Markov Chains: I
Broadly speaking, a discrete-time dynamical system is a “space” \(X\) along with a transformation \(T : X \to X\), in an appropriate category of “spaces” (topological spaces, measure spaces, …). I think of a discrete Markov chain as a discrete-time dynamical system where the transformation \(T\) behaves “randomly”. Before illustrating this in detail let me reproduce the precise definition, based on Lecture 10 of the course notes here.
We shall say a discrete-time stochastic process \(\{X_n\}_{n \geq 0}\) takes values in a countable “state space” \(S\) if \(\mathrm{Range}(X_n) \subseteq S\) for all \(n \geq 0\) and \(S\) is countable. Without loss of generality, we can throw away the “irrelevant states” and let \(S = \bigcup_{n \geq 0} \mathrm{Range}(X_n)\). We fix a probability distribution \(\mathbf{a} = (a_k : k \in S)\) on the state space, i.e., \(0 \leq a_k \leq 1\) for all \(k \in S\), such that \(\sum_{k \in S} a_k = 1\). Furthermore, let \(P = (p_{ij})_{i, j \in S}\) be a \(\|S\| \times \|S\|\)-dimensional matrix with elements indexed by \(S \times S\), such that for all \(i, j \in S\), \(0 \leq p_{ij} \leq 1\) and \(\sum_{j \in S} p_{ij} = 1\) for all \(i \in S\).
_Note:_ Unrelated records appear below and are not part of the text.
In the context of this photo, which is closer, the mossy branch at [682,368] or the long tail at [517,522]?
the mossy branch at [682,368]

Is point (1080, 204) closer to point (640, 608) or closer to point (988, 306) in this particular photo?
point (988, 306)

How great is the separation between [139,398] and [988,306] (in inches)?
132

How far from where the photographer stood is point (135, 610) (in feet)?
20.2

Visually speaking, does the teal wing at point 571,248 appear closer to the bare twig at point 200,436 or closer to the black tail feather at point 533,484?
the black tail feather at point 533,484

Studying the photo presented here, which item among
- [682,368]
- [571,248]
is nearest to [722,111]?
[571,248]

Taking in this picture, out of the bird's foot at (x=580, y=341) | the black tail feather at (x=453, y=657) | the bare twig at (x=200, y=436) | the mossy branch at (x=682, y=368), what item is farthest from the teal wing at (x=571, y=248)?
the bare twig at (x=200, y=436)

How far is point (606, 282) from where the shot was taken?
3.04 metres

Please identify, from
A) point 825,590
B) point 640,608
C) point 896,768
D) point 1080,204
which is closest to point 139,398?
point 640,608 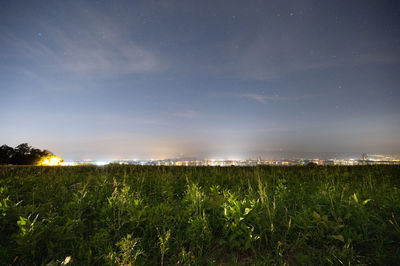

A discrete-time stochastic process \(\{X_n\}_{n \geq 0}\) taking values in a countable state space \(S\) is a discrete, time-stationary, countable-state space Markov chain with initial distribution \(\mathbf{a}\) and transition probability matrix \(P\) if \(X_0 \sim \mathbf{a}\), and for all \(n \in \Bbb N\), \(i_0, i_1, \cdots, i_n \in S\),
\[\Bbb P(X_0 = i_0, X_1 = i_1, \cdots, X_n = i_n) = a_{i_0} p_{i_0 i_1} p_{i_1 i_2} \cdots p_{i_{n-1} i_n}\]Let us compute the distribution of \(X_n\) on \(S\) explicitly: For any \(i \in S\),
\[\displaystyle \begin{aligned}\Bbb P(X_n = i) &= \sum_{i_0, \cdots, i_{n-1} \in S} \Bbb P(X_n = i, X_{n-1} = i_{n-1}, \cdots, X_0 = i_0) \\ &= \sum_{i_0, \cdots, i_{n-1} \in S} a_{i_0} p_{i_0 i_1} \cdots p_{i_{n-2} i_{n-1}} p_{i_{n-1} i} = (\mathbf{a}^\mathsf{T} P^n)_i\end{aligned}\]Therefore, \(X_n \sim \mathbf{a}^\mathsf{T} P^n\). Note that therefore the distribution of the process \(\{X_n\}_{n \geq 0}\) depends linearly on the initial distribution \(\mathbf{a}\) on \(S\); to be precise let \(\mathscr{P}(S)\) denote the space of probability distributions on \(S\), then the transition matrix \(P\) acts on this space by multiplying by a row vector on the left: \(T : \mathscr{P}(S) \to \mathscr{P}(S)\), \(\mathbf{a} \mapsto \mathbf{a}^\mathsf{T} P\), which preserves convex combinations, and the result of iterating this operator \(n\) times is the same as running the Markov process for time \(n\), starting from the initial distribution \(\mathbf{a}\). Since the space of probability distributions on \(S\) is convex hull of the Dirac masses \(\delta_i\), \(i \in S\), it suffices to understand the process for these initial distributions. We get,
\[\displaystyle T(\delta_i) = \sum_{j \in S} p_{i j} \delta_j\]Thus, we abuse notation and write the map \(T : S \to \mathscr{P}(S)\). Note that for any \(i \in S\), \(T(i)\) is the law of the conditional distribution \(X_{n+1} \| X_n = i\) for any \(n \geq 0\). \(T\) is vaguely like a map \(T : S \to S\) determining a dynamical system on \(S\), but the dynamics is no longer deterministic; pushing a point \(i \in S\) forward by \(T\) does not give a point but a “probability cloud” \(T(i) \in \mathscr{P}(S)\) which associates to \(j \in S\) the probability \(p_{ij}\). I learnt this interpretation from Vadim Kaimanovich, and I find it to be an efficient way of thinking. This operator \(T\) is called a Markov kernel. We shall understand the iterates \(T^k\), \(k \geq 2\) to be determined by the rows of the \(k\)-step transition matrix \(P^k\).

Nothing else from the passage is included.